Posts Tagged ‘meteorite’

Achondrite Meteorites

An achondrite is the name given to a type of stony meteorite containing very little iron or nickel and no chondrules. A chondrule is a rounded grain that originally formed as a molten droplet in Space.Achondrites have a basic mineralogiy i.e. similar to basalts. Because they are very similar to terrestrial basic igneous rocks, it is very difficult to locate them unless the landing area has been seen. According to reflection spectra studies, the majority of them are associated with the asteroid Vesta but there are a dozen or so subdivisions of various origins. One thing is certain though, because of the magmatic differentiation seen in these meteorites, they have come from a ‘differentiated’ object. Differentiation of magma (molten rock) occurs when a magma chamber is large enough and molten for long enough for crytals to have started to form. The heavier crystals sink slowly through the magma and a gradual chjange in composition can be seen after the magma has turned to rock.

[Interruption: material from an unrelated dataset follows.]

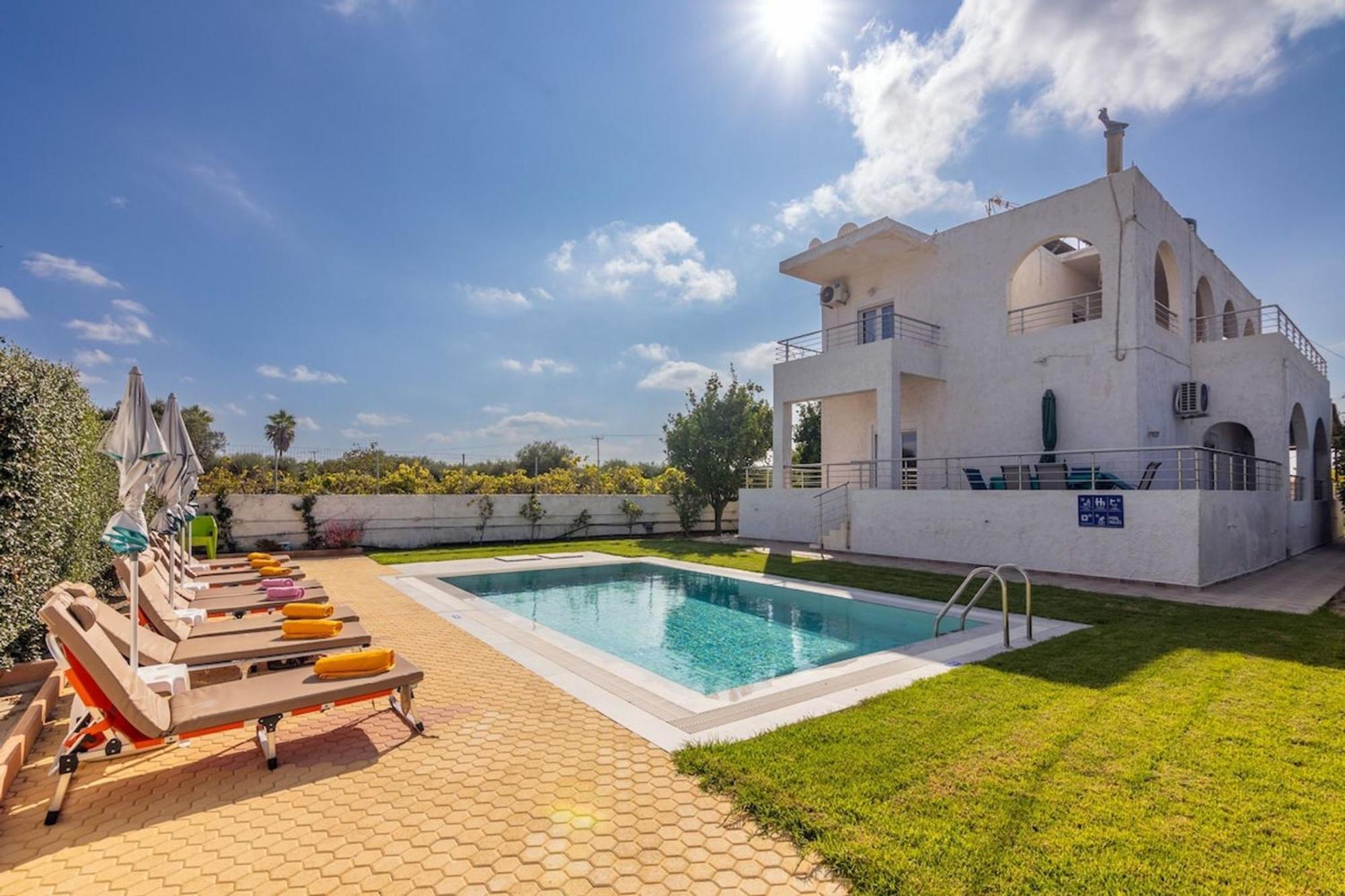 Amazing Villa Chrysanthi With Private Pool In Heraklion Epano Vathia Exteriér fotografie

Because of their mode of formation, chondrules are not seen, hence their designation.

The public access area of the Hubble Space Telescope web site contains low resolution images of the surface of asteroid 4 Vesta if you are interested to see where most achondrites come from.

However, the achondrites are not exclusively from Vesta, the famous ‘Martian fossil’ meteorite found at Allan Hills in Antarctica is of this type. Other achondrites appear to be Lunar in origin. In terms of numbers, they are fairly rare and form about 4% of the known meteorites.

Achondrite Meteorite Falls

Station workers saw a fireball which fell on the Millbillillie estate in Western Australia. An object “with sparks coming off it” fell onto a plain to their north. No one went to have a look at the time but a decade later, in 1970, some remnants of an achondrite meteorite were found. Over the years, Aborigines walking the area have found other fragments, the largest fragment weighed in at 20kg and is on display in the Western Australia Museum. Others have been found in France, the USA, Mexico, Egypt, India and several other locations.